Da im Personenkult (vor allem in der Geschichte seit den Pharaonen bis zur Säkularisierung) oft ein politischer Herrscher glorifiziert wird, der seine Herrschaft häufig aus der Nähe zum Göttlichen (Gottesgnadentum) begründet, zeigt sich der Personenkult phänomenologisch in quasireligiösen Ritualen. Dies war in der Geschichte teilweise gewollt und wurde genutzt, um den Einfluss von Kirchen oder anderen religiösen Organisationen zurückzudrängen. Zum Beispiel wollten Adolf Hitler und seine nationalsozialistische Bewegung den Einfluss der evangelischen und katholischen Kirche in Deutschland zurückdrängen (siehe auch „Kirchenkampf“).
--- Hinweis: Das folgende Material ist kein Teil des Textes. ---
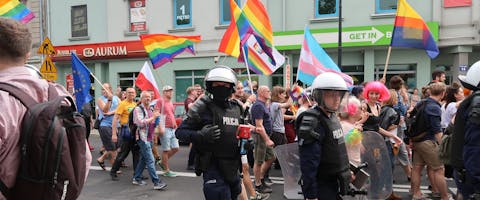 Pride walk in Plock, Polen. Aug 2019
Der Personenkult kann an spezifischen Eigenschaften einer Person des öffentlichen Lebens anknüpfen und/oder aus dem Innehaben eines hohen Amtes resultieren wie beispielsweise bei Kaisern oder beim britischen König. Entscheidend ist, dass eine Charismatisierung stattfindet. Max Weber (1864–1920) unterschied vom persönlichen Charisma das Amtscharisma und das Erbcharisma.[8] Einen Personenkult mit „Erbcharisma“ gibt es in Nordkorea.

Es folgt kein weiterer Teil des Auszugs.